[Work order] The answer must consist solely of the lines below starting at the one containing "If that looks" and ending at the one containing "of her slippers.", repeated exactly, with both ends included and all pictures omitted.

[Supplied material]
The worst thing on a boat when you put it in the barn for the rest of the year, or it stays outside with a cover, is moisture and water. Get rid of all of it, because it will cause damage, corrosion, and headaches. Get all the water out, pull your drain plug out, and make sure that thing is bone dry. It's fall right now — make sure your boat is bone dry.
==
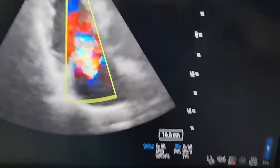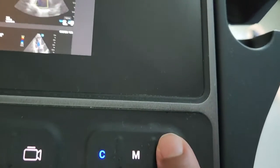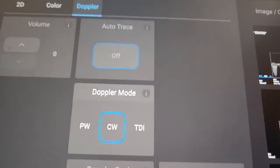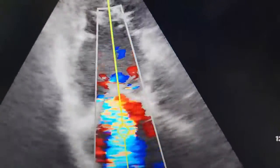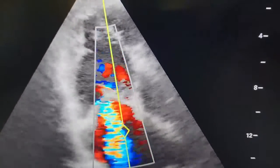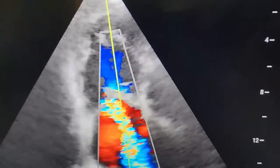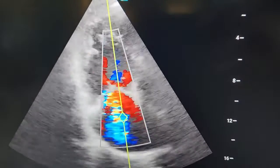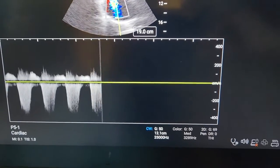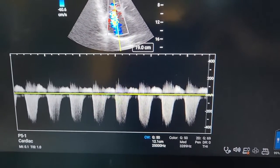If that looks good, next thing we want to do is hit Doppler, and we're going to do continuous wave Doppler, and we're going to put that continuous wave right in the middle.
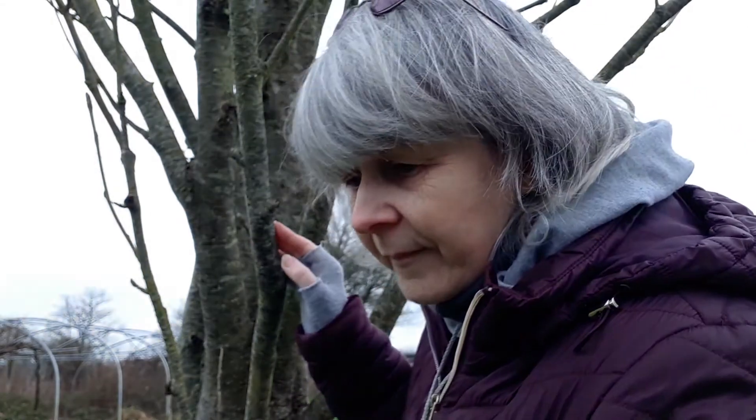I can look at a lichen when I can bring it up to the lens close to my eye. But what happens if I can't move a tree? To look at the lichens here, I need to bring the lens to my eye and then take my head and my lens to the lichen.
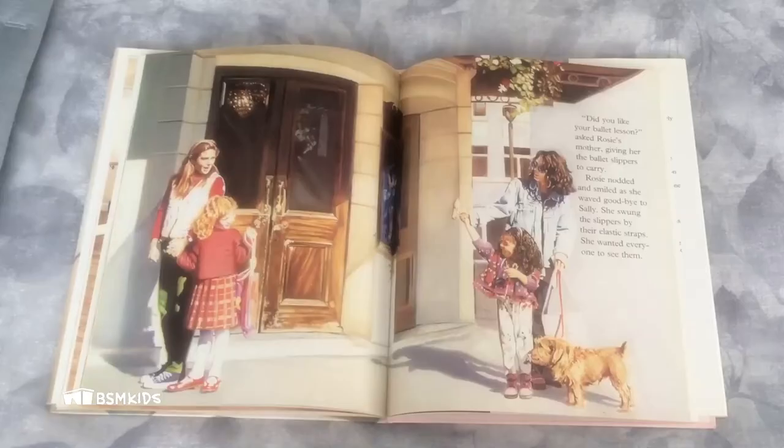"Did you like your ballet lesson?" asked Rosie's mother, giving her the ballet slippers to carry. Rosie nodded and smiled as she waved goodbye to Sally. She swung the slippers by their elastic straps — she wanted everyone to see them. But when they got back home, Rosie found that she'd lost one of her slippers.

[Response to the task]
If that looks good, next thing we want to do is hit Doppler, and we're going to do continuous wave Doppler, and we're going to put that continuous wave right in the middle.
I can look at a lichen when I can bring it up to the lens close to my eye. But what happens if I can't move a tree? To look at the lichens here, I need to bring the lens to my eye and then take my head and my lens to the lichen.
"Did you like your ballet lesson?" asked Rosie's mother, giving her the ballet slippers to carry. Rosie nodded and smiled as she waved goodbye to Sally. She swung the slippers by their elastic straps — she wanted everyone to see them. But when they got back home, Rosie found that she'd lost one of her slippers.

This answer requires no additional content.